Let’s Encrypt recommends Certbot to manage certificates. We’ll instead use OpenBSD’s Acme Client, a much lighter program that’s already provided within the system. After giving it a list of CA’s and domains, the program will grab a certificate from each domain’s configured authority and renew them as they start to expire.
Grab a certificate
Create /etc/acme-client.conf:
# This is Let's Encrypt's production environment. Use these when
# you're ready to release your service to the real world.
authority letsencrypt {
api url "https://acme-v02.api.letsencrypt.org/directory"
account key "/etc/acme/letsencrypt-privkey.pem"
}
# This is Let's Encrypt's staging environment. They allow much more
# requests for folk, so that they can experiment with LE before
# they're ready for the public.
authority letsencrypt-staging {
api url "https://acme-staging-v02.api.letsencrypt.org/directory"
account key "/etc/acme/letsencrypt-staging-privkey.pem"
}
# This domain block lists the locations for the domain's private key
# (used for encryption), the certificate, and a full chain certificate
# that links Let's Encrypt's authority all the way down to your
# domain.
domain example.org {
# The same certificate can be used for multiple hostnames:
alternative names { www.example.org }
domain key "/etc/ssl/private/example.org.key"
domain certificate "/etc/ssl/example.org.cert"
domain full chain certificate "/etc/ssl/example.org.fullchain.pem"
sign with letsencrypt
}
Configure httpd.conf for Let’s Encrypt’s Challenge
CA’s like Let’s Encrypt send a choice of two challenges to your server to verify that it controls your domain. The Acme Client chooses the HTTP-01 challenge, where the CA instructs the server to serve a file accessed at this specific URL, which should contain that specific data, all requested under the domain you wish to certify. So, we’ll need to set Httpd up to cooperate to get the certificate.
Configure Httpd to pass the ACME challenge. Edit or create /etc/httpd.conf:
server "www.example.org" {
listen on egress port http
location found "/.well-known/acme-challenge/*" {
# The http challenge files are saved in /var/www/acme:
root "/acme"
request strip 2
}
}
# Repeat this for every alternative domain name, as well
server "example.org" {
listen on egress port http
location found "/.well-known/acme-challenge/*" {
root "/acme"
request strip 2
}
}
Run Acme Client
Run the command:
$ doas acme-client -v example.org
If successful, Acme Client should have the SSL private key saved in /etc/ssl/private, and a certificate in /etc/ssl. Running the command in the future will renew the certificate only if the certificate will expire within 30 days.

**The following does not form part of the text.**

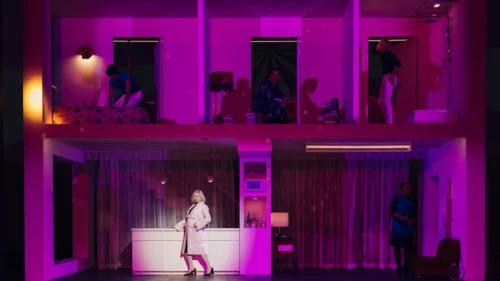 Noah Haidles „Spirit and the Dust“ am Deutschen Theater Berlin – Uraufführung am 27.02.2026 – mit Corinna Harfouch in der Hauptrolle I Theaterkritik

To force a certificate to renew before it expires, run the program with the -F
flag:
$ acme-client -vF example.org
Automate cert renewal
OpenBSD can run the Acme Client for you on a scheduled interval. To check to renew your certificates every week, add to (or create) /etc/weekly.local:
# This example weekly.local models SSL renewing for a website and mail server.

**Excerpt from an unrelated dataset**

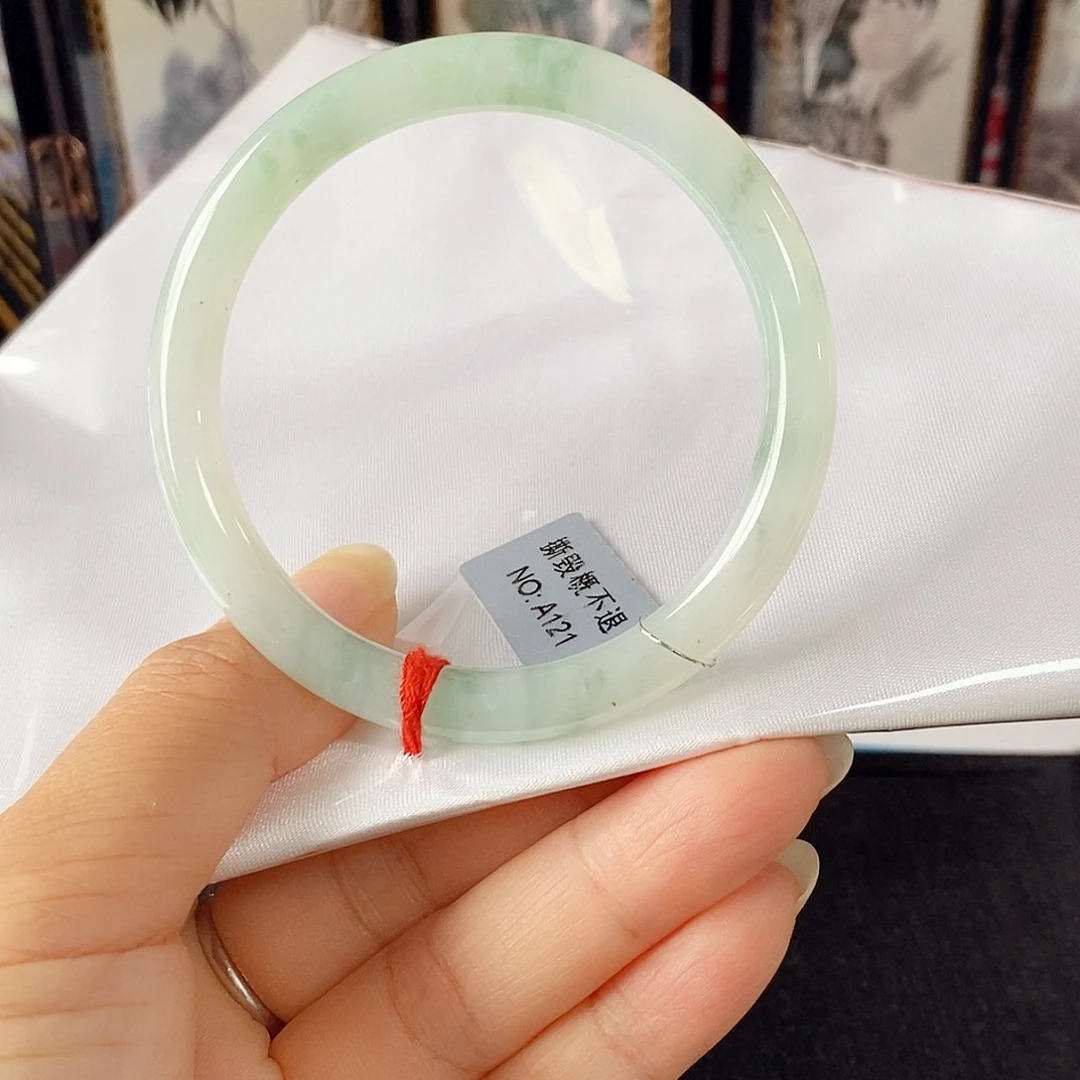 翡翠未镶嵌手镯（圆镯）手镯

acme-client -v example.org
acme-client -v mail.example.org
# Httpd and Dovecot needs to be told to reload their files to serve the new certs.
# I conceive Smtpd has a similar better way, but rcctl doesn't seem to support reloading it.
rcctl reload httpd dovecot
rcctl restart smtpd
This file is run every Saturday by the weekly
cron job (there is also daily
and monthly
).
Its results are logged to /var/log/weekly.out, and the log from the week before is moved to /var/log/weekly.out.old.